Truck Stops Meet Increased Need for Service


WESTLAKE, Ohio—The coronavirus pandemic shut down thousands of hotels and restaurants along U.S. highways, leaving truck stops to fill the void and keep 18-wheelers moving along, the Wall Street Journal reports. Travel Centers of America Inc. noted its shares rose more than 50%, with close to an 80% net income bump in 2020 over 2019. Other truck stop operators have registered increases as well, especially with more e-commerce and deliveries. Truck stops have three major players: Travel Centers, Pilot Co., and Love’s Travel Stops & Country Stores.

Travel Centers had to shutter its full-service restaurants when the pandemic first hit, but now about half of the dining rooms have reopened. “COVID helped teach us that we were really poor as owners of full-service restaurants,” said CEO Jonathan Pertchik, who noted big changes were coming to that side of the business.

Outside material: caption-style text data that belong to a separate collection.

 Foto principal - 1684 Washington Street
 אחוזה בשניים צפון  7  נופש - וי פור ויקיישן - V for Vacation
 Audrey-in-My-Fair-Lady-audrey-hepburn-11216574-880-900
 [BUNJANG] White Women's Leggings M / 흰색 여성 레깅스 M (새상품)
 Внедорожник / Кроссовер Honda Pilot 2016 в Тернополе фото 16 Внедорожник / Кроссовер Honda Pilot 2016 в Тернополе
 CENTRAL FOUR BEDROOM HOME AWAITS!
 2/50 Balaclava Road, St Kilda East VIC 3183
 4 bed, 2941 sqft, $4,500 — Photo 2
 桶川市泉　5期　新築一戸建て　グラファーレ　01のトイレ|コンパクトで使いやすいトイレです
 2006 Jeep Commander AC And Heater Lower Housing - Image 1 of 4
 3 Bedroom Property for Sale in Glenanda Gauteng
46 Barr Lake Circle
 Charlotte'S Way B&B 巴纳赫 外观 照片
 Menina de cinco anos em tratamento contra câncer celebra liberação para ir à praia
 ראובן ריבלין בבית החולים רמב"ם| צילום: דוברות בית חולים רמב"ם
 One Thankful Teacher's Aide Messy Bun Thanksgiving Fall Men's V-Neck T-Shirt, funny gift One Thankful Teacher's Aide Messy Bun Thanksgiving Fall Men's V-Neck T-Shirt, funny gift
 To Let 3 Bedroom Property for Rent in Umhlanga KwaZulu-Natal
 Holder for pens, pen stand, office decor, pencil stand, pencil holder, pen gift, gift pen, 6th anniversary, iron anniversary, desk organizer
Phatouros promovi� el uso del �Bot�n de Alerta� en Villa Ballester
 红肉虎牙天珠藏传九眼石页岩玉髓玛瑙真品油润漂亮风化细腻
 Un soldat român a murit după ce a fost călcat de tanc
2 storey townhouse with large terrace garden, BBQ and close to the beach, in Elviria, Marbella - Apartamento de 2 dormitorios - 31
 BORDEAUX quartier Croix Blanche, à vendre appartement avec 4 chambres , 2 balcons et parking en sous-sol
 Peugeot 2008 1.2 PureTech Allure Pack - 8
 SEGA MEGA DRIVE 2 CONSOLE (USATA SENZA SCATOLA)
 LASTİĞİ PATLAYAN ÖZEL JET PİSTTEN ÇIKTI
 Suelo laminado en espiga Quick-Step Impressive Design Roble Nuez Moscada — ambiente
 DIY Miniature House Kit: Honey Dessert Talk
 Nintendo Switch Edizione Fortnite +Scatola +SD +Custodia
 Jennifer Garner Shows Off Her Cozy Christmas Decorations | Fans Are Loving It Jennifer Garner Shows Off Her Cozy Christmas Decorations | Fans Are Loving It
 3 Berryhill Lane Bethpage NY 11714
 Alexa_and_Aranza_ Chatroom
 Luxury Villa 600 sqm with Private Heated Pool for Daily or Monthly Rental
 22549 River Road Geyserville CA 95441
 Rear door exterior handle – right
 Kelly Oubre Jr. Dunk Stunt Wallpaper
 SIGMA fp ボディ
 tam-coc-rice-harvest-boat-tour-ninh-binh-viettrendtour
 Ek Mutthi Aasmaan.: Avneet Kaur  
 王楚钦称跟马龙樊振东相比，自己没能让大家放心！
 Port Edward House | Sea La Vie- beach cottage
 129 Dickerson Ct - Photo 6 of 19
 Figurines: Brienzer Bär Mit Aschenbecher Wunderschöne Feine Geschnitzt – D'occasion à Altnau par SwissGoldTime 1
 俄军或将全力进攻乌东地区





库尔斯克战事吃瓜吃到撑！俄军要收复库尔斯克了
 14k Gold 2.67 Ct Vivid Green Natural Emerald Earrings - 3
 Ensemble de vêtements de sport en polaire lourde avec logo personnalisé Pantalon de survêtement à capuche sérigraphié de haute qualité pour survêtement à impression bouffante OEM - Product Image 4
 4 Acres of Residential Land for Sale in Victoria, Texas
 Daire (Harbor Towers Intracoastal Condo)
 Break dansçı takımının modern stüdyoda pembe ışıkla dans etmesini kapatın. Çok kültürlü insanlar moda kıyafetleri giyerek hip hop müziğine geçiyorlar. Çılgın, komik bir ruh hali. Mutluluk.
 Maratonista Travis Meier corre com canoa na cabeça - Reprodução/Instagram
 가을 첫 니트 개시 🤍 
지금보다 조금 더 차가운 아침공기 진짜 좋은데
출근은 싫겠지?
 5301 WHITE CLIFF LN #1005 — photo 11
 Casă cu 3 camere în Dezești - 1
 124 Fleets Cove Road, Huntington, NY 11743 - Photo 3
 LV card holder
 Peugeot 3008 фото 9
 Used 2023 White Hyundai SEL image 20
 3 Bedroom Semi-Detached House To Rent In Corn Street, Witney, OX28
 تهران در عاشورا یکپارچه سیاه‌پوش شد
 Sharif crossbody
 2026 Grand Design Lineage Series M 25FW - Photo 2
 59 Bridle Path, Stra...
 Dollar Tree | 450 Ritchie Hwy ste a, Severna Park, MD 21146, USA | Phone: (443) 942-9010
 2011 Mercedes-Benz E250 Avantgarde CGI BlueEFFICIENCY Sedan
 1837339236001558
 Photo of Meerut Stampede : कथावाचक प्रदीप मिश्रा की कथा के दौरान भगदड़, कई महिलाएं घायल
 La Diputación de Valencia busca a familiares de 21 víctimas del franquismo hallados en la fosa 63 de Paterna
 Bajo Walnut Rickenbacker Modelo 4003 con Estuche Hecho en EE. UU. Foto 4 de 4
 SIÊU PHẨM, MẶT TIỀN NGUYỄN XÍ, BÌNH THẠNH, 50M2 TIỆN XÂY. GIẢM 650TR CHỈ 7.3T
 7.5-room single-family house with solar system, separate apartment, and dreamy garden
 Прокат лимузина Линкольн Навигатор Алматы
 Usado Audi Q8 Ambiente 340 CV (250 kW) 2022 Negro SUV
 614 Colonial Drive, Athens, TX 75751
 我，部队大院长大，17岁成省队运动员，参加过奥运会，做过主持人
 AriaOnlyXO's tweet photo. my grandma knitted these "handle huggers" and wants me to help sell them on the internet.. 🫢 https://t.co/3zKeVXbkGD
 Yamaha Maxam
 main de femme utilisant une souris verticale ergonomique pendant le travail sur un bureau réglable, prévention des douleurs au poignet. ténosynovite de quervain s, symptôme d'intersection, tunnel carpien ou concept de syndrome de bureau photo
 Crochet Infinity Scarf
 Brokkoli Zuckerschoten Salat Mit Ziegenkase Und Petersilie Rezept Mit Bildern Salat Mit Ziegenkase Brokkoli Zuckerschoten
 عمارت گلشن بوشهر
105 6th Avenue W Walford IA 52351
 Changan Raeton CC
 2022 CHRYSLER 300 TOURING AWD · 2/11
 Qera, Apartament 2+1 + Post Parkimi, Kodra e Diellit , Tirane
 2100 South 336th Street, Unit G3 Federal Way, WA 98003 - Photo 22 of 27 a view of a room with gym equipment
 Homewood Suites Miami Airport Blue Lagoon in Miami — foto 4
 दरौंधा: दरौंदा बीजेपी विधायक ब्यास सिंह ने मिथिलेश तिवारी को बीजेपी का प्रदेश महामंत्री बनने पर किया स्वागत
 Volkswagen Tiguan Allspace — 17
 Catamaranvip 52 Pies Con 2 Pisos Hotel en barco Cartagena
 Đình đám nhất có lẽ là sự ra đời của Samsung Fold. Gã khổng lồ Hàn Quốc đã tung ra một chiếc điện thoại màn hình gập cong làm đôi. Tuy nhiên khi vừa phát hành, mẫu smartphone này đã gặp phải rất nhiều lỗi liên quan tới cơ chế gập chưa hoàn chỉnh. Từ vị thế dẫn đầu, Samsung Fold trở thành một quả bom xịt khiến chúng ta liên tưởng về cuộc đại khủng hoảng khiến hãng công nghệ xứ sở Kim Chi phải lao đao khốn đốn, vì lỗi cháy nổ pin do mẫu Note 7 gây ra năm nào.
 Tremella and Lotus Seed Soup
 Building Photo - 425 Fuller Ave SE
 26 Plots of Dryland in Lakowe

The uptick in business hasn’t been smooth sailing for all truck stop owners. Early in the pandemic, food sales at Iowa 80 Truckstop plummeted 95%. But with more people driving this summer, food sales have recovered and are now only down 35% compared to 2019, said Delia Moon Meier, whose family owns the business. “Lots of people are taking driving trips,” she said. “Nobody is flying anywhere.”

Some analysts predict truck stops could see demand decline if a longer recession slows the supply line, but other macro trends might keep it trucking along. “What juices trucking trends? New private residential construction,” said Bryan Maher, analyst and managing director of B. Riley FBR Inc. “If everybody is moving out of cities into homes in the suburbs, that can definitely fill some of that void.”